When I run it from the command line (removed verbose logging) :
[root@openshift-minion-1 ~]# etcd
[etcd] Mar 11 09:37:06.515 INFO      | openshift-minion-1: peer added: 'openshift-master'
[etcd] Mar 11 09:37:06.566 INFO      | openshift-minion-1: peer added: 'openshift-minion-2'
[etcd] Mar 11 09:37:06.595 INFO      | Peer URLs in log:  / openshift-minion-1 (http://openshift-minion-2:7001,http://openshift-master:7001,http://openshift-minion-1:7001)
[etcd] Mar 11 09:37:06.597 INFO      | Send Join Request to http://openshift-minion-2:7001/join
[etcd] Mar 11 09:37:06.665 INFO      | openshift-minion-1 joined the cluster via peer openshift-minion-2:7001
[etcd] Mar 11 09:37:06.666 INFO      | etcd server [name openshift-minion-1, listen on 0.0.0.0:4001, advertised url http://openshift-minion-1:4001]
[etcd] Mar 11 09:37:06.666 INFO      | peer server [name openshift-minion-1, listen on 0.0.0.0:7001, advertised url http://openshift-minion-1:7001]
[etcd] Mar 11 09:37:06.666 INFO      | openshift-minion-1 starting in peer mode
[etcd] Mar 11 09:37:06.666 INFO      | openshift-minion-1: state changed from 'initialized' to 'follower'.

Comment 5 Guohua Ouyang 2015-03-23 04:32:49 UTC
I saw this problem when the etcd service is running but in an unexpected state, no logs recorded.

Could you check that whether etcdctl or curl works with the etcd server?(set/rm some keys)

Comment 6 Scott Dodson 2015-03-23 15:06:04 UTC
[root@ose3-master ~]# curl -L http://`hostname`:4001/v2/keys/foo -XPUT -d value=bar
{"action":"set","node":{"key":"/foo","value":"bar","modifiedIndex":9,"createdIndex":9},"prevNode":{"key":"/foo","value":"bar","modifiedIndex":8,"createdIndex":8}}

[root@ose3-master ~]# curl -L http://`hostname`:4001/v2/keys/foo
{"action":"get","node":{"key":"/foo","value":"bar","modifiedIndex":9,"createdIndex":9}}

Additionally, I can run OpenShift 3 against this environment so I'm assuming it's working properly.
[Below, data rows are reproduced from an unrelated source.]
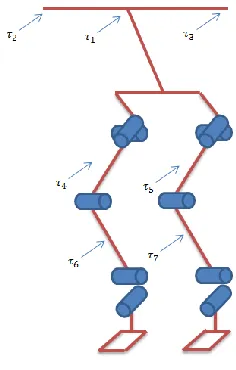 Figure 3.1 shows a variety of locations in which a sagittal torque could be applied. 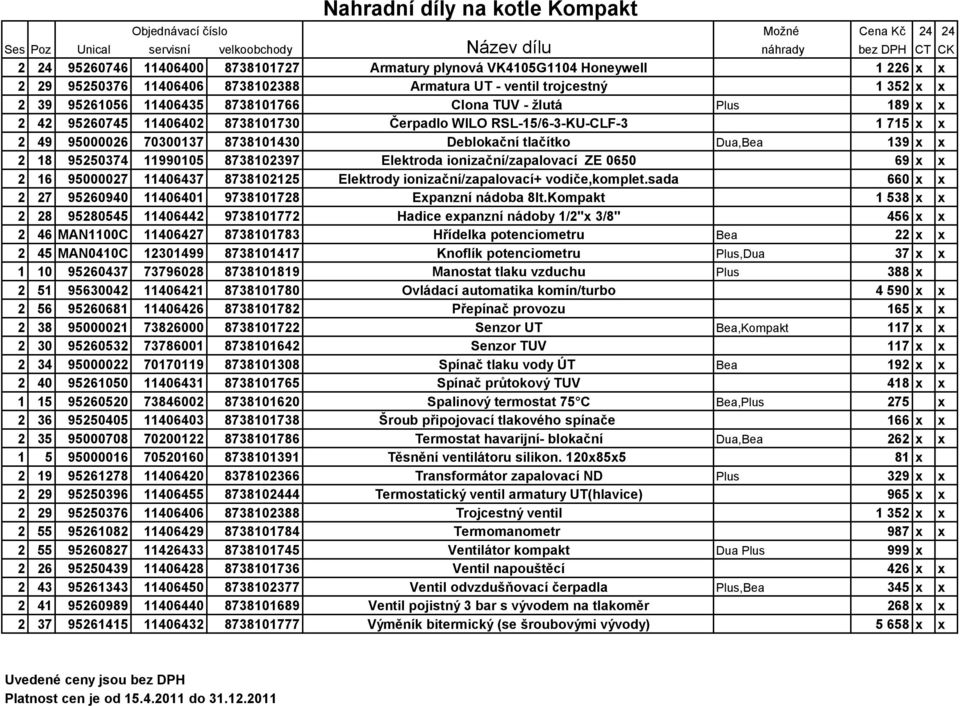 RSL-15/6-3-KU-CLF-3 1 715 x x 2 49 95000026 70300137 8738101430 Deblokační tlačítko Dua,Bea 139 x x 2 18 95250374 11990105 8738102397 Elektroda ionizační/zapalovací ZE 0650 69 x x 2 16 95000027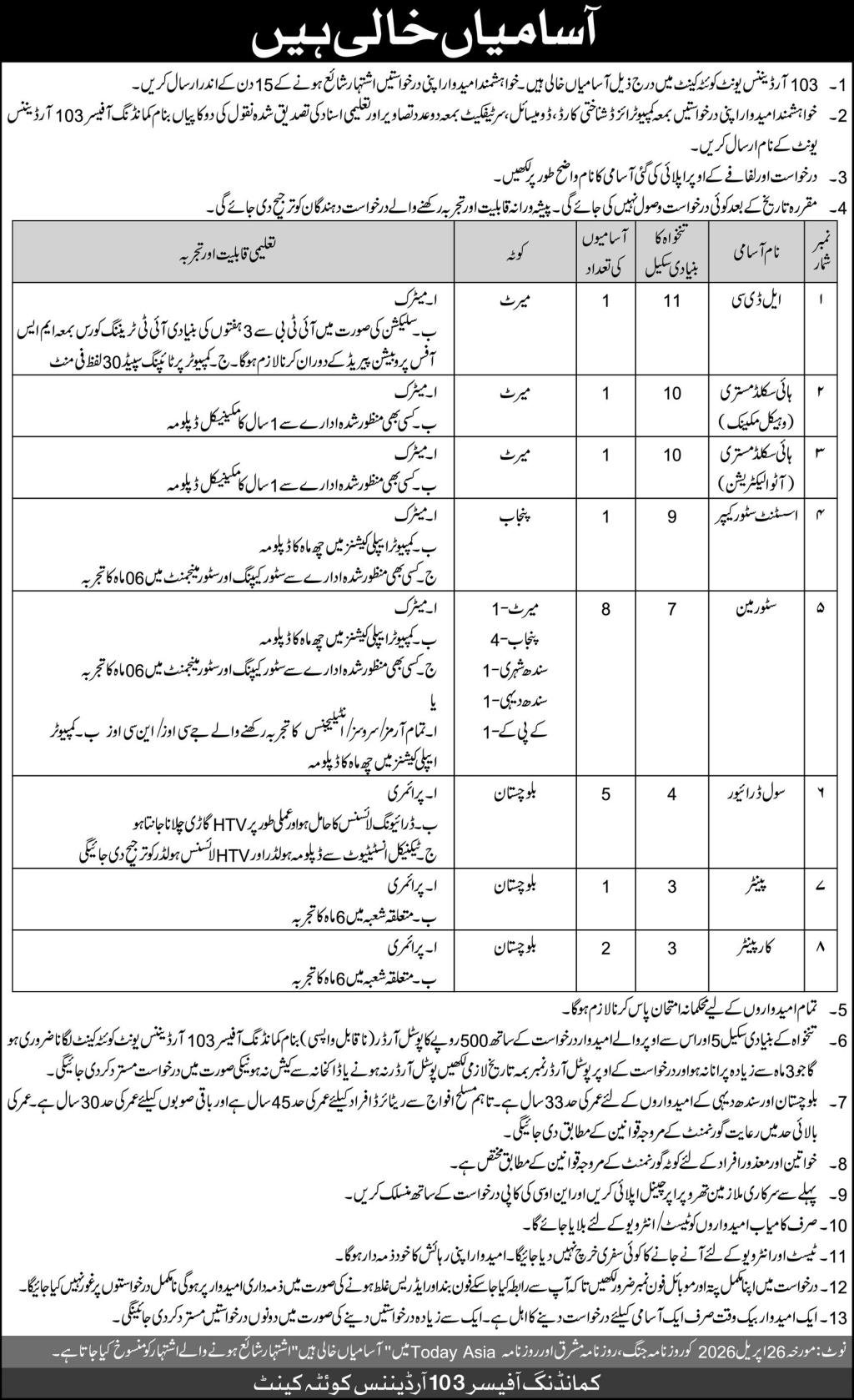 103 Ordinance Unit Quetta Jobs 2026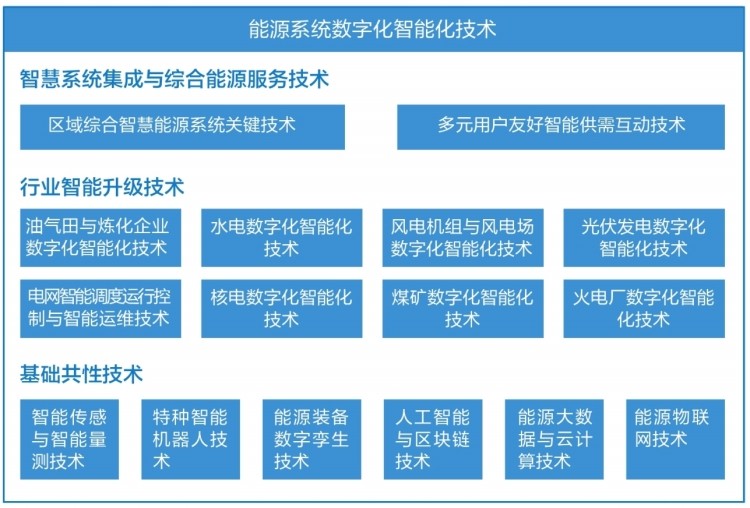 《“十四五”能源領域科技創新規劃》解讀 數字化智能化技術底座支撐能源科技創新發展——數字技術服務視角的分析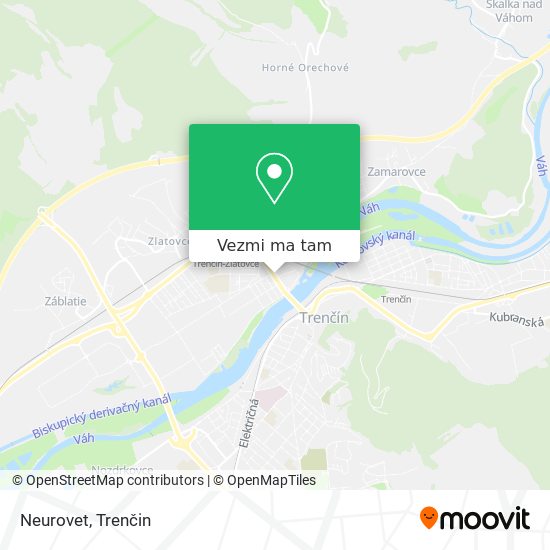 Neurovet mapa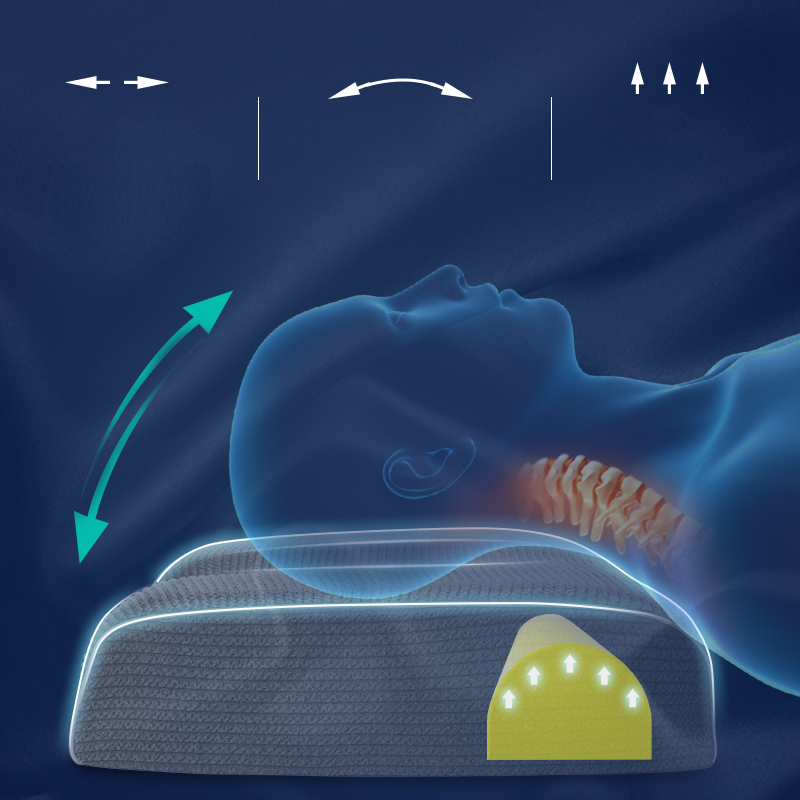 Massage Pillow - Memory Foam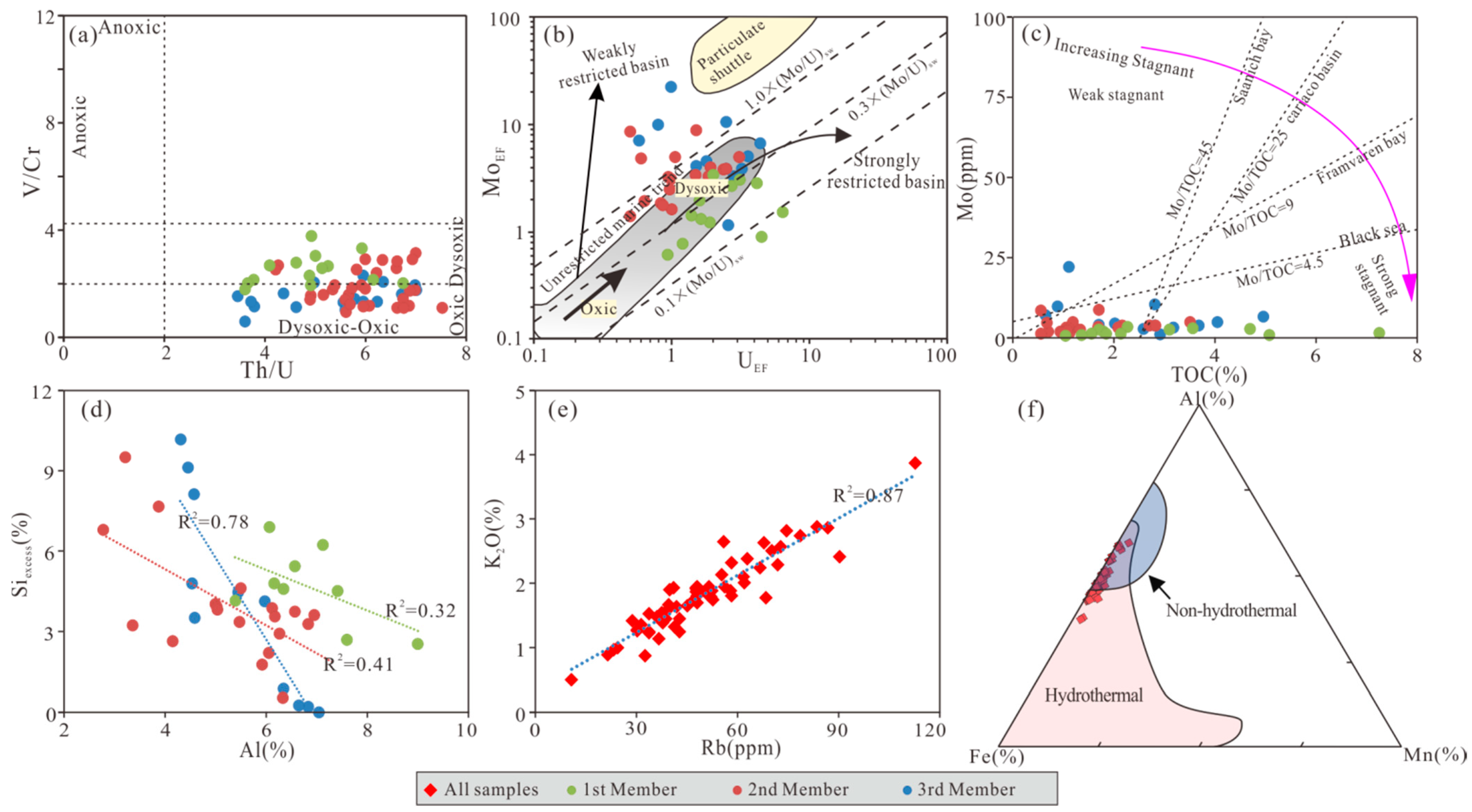 Fractalfract 09 00795 g004 Fractalfract 09 00795 g004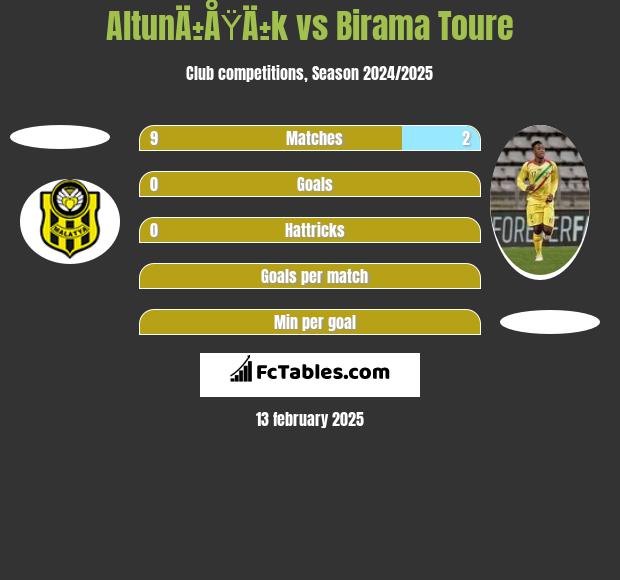 AltunÄ±ÅŸÄ±k vs Birama Toure h2h player stats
Comment 7 Scott Dodson 2015-03-23 16:03:56 UTC
To be clear, I can reproduce this as simply as :

1) Provision OS1 internal RHEL7 host using rhel-guest-image-7.0-20140618.1
2) rpm -ivh http://download.devel.redhat.com/brewroot/packages/etcd/0.4.6/0.13.el7/x86_64/etcd-0.4.6-0.13.el7.x86_64.rpm
3) systemctl start etcd

At which point the only output to the journal is 

Mar 23 11:57:52 etcd.os1.phx2.redhat.com systemd[1]: Started Etcd Server.

Adding verbose=true and very_verbose=true to /etc/etcd/etcd.conf has no effect on the journal, however if I run etcd from the console I get copious verbose logging.

Comment 8 Guohua Ouyang 2015-03-23 23:42:45 UTC
I could reproduce this problem on RHEL, atomic and guest-image, my previous comment #3 is outdated logs.